## Work order:
Exactly as written, print every line of the listing below and omit its pictures.
START Dataset extract
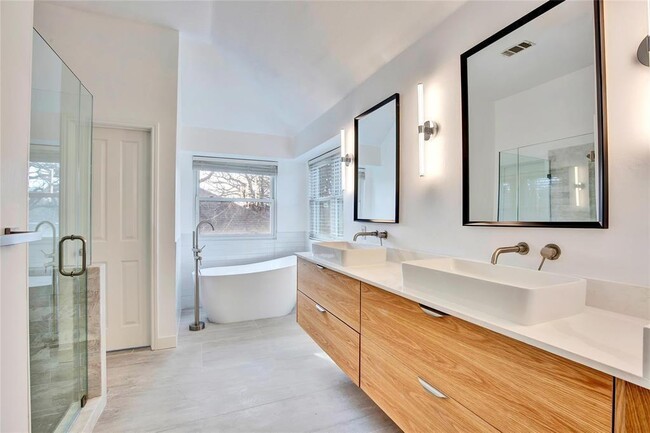 Foto del edificio - 4065 Honey Bear Loop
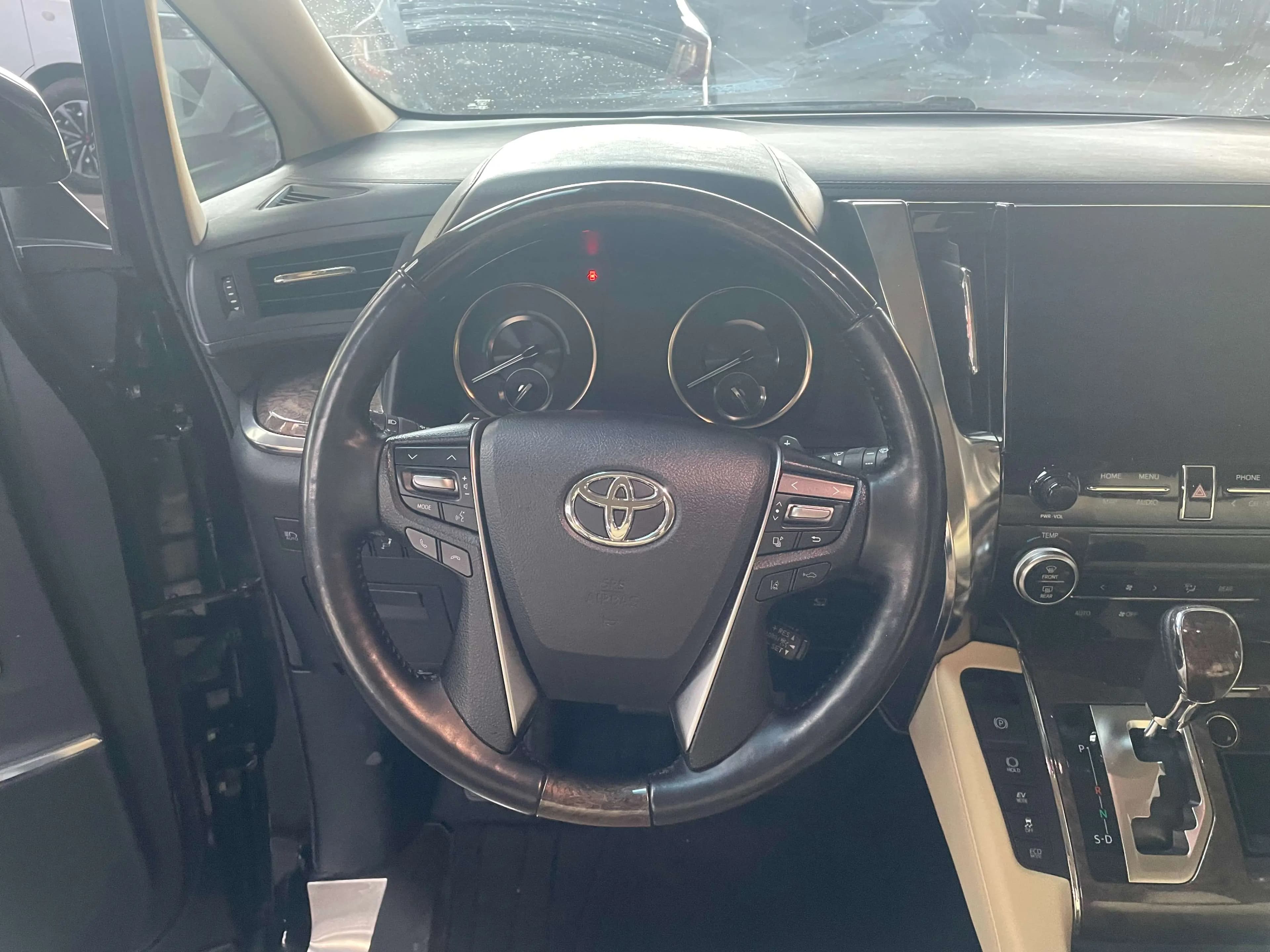 Toyota Alphard 2022 г. 68006 км. — фото 11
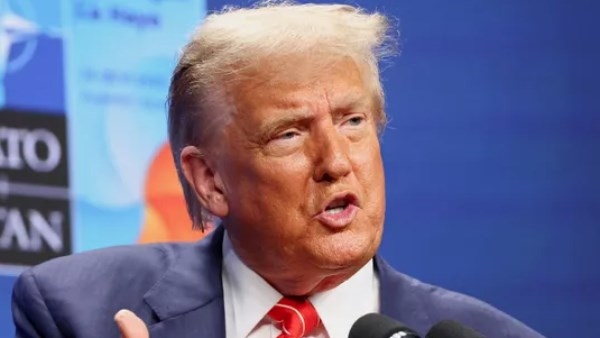 الرئيس الأمريكي يعلق المحادثات التجارية مع كندا بسبب فرضها ضرائب كبيرة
END Dataset extract
## Task solution:
 Foto del edificio - 4065 Honey Bear Loop
 Toyota Alphard 2022 г. 68006 км. — фото 11
 الرئيس الأمريكي يعلق المحادثات التجارية مع كندا بسبب فرضها ضرائب كبيرة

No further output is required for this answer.